[Short web captions]
○ ○ ○

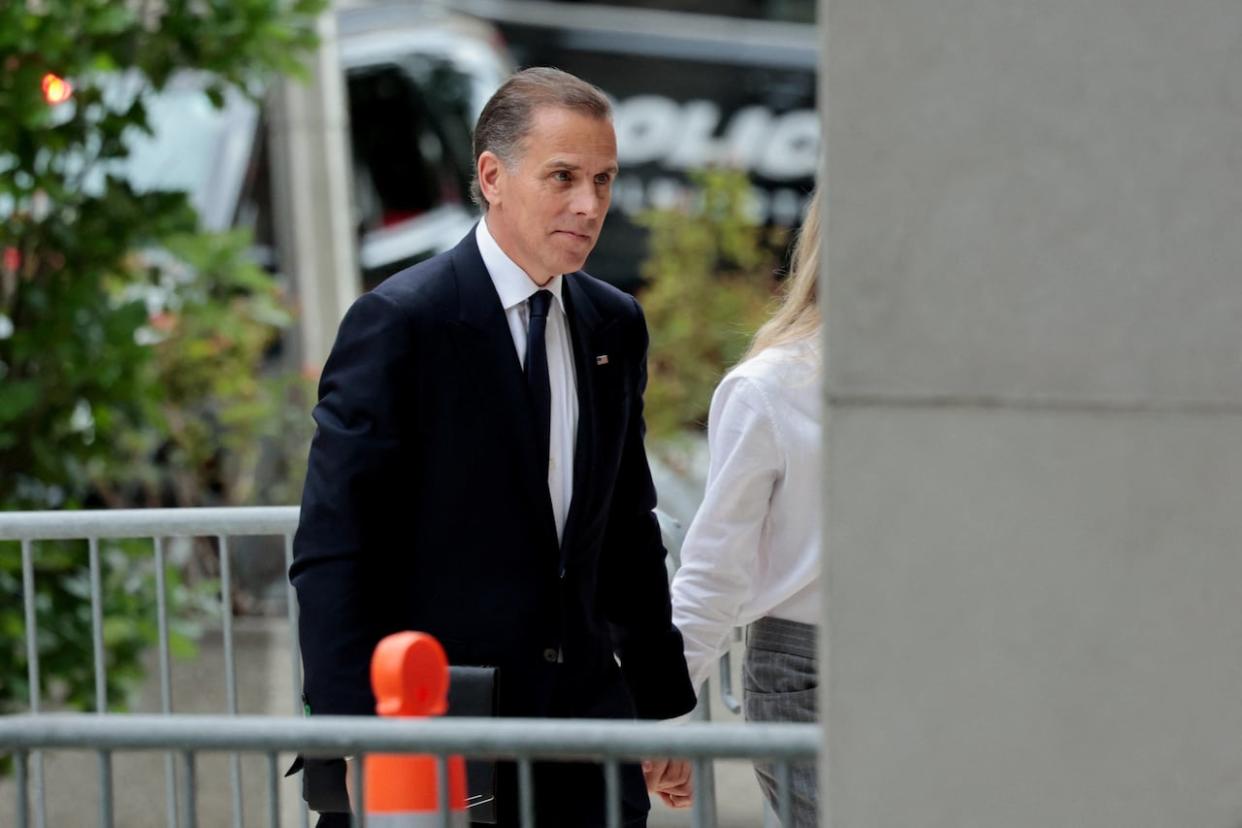 Hunter Biden, son of U.S. President Joe Biden, walks outside the federal court as his trial on criminal gun charges continues in Wilmington, Del., on Tuesday. (Hannah Beier/Reuters - image credit)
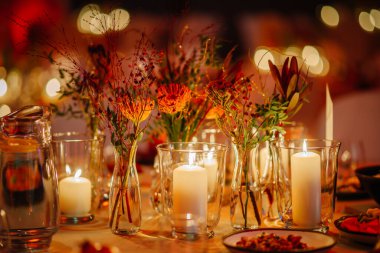 Cam vazolarda mumların ve renkli çiçeklerin bulunduğu güzel bir masa, özel bir etkinlik ya da kutlama için davetkar atmosferi arttırır.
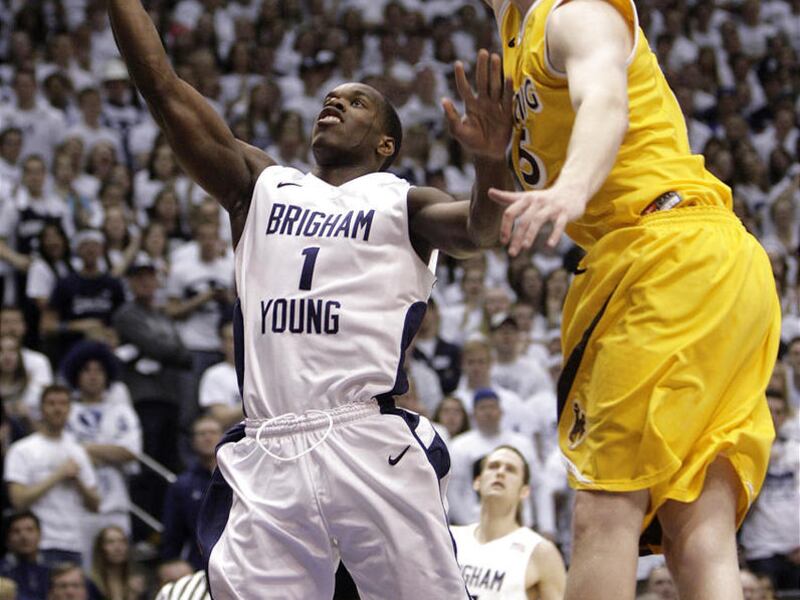Brigham Young Cougars guard/forward Charles Abouo (1) shoots by Wyoming Cowboys center Adam Waddell (15)  in Provo, Utah, Saturday, March 5, 2011.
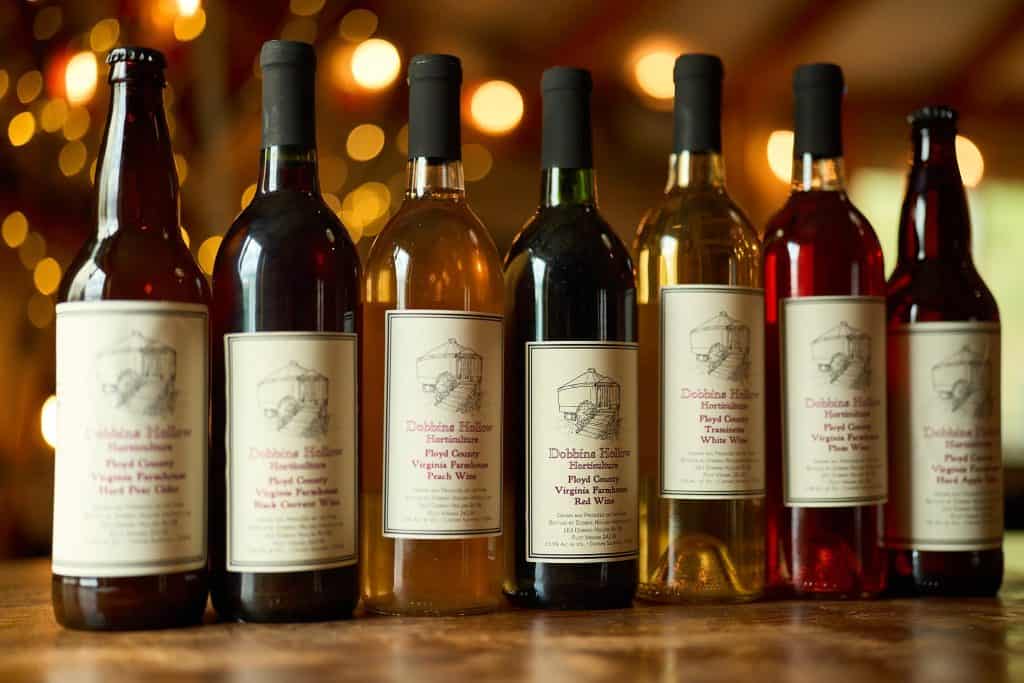A variety of bottles of wine and cider displayed on a wooden surface, with labels indicating different flavors and types, against a blurred background with warm lights.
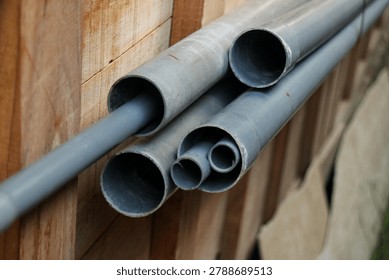 Stack of PVC plastic pipes in various sizes stored next to a wooden fence.
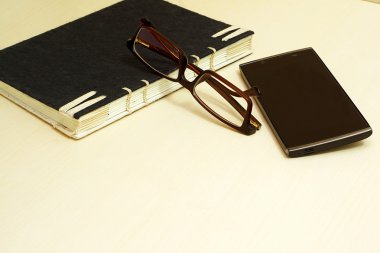 Gözlük, siyah defter ve ahşap arka plan üzerinde akıllı telefon.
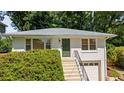 Beautiful home with a striking front door, lush green foliage, and a convenient one-car garage at 80 Vinson Se Dr, Atlanta, GA 30317
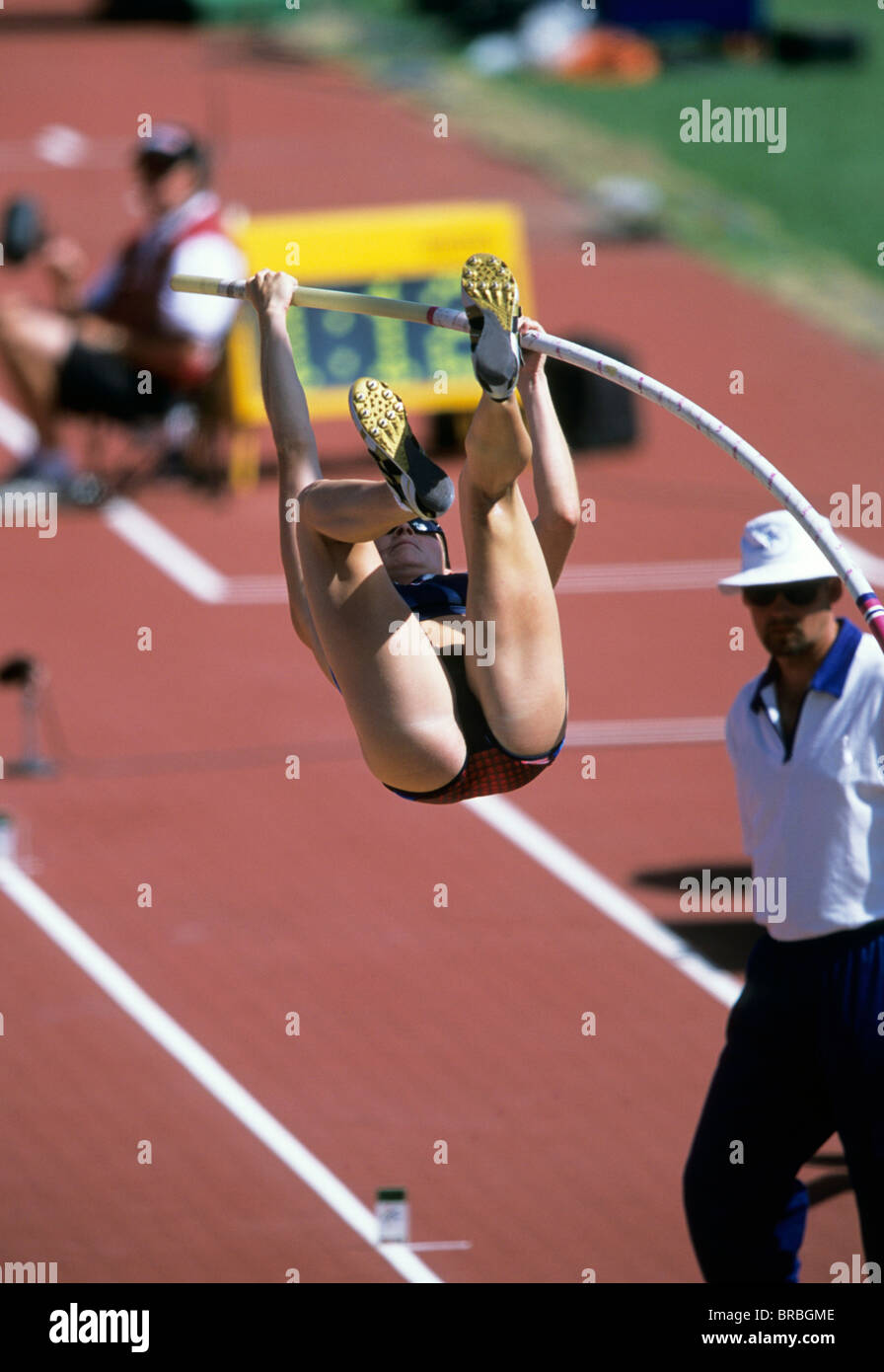 Female pole vaulter bends bar as she attempts a clearance watched closely by judge at track ...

○ ○ ○

• **WORK ITEM**: Lines wanted from the entries above: the one with "A variety of", the one with "Gözlük, siyah defter", and all lines between. Please copy them exactly, without the pictures and without anything else.

• **YOUR SOLUTION**:
A variety of bottles of wine and cider displayed on a wooden surface, with labels indicating different flavors and types, against a blurred background with warm lights.
 Stack of PVC plastic pipes in various sizes stored next to a wooden fence.
 Gözlük, siyah defter ve ahşap arka plan üzerinde akıllı telefon.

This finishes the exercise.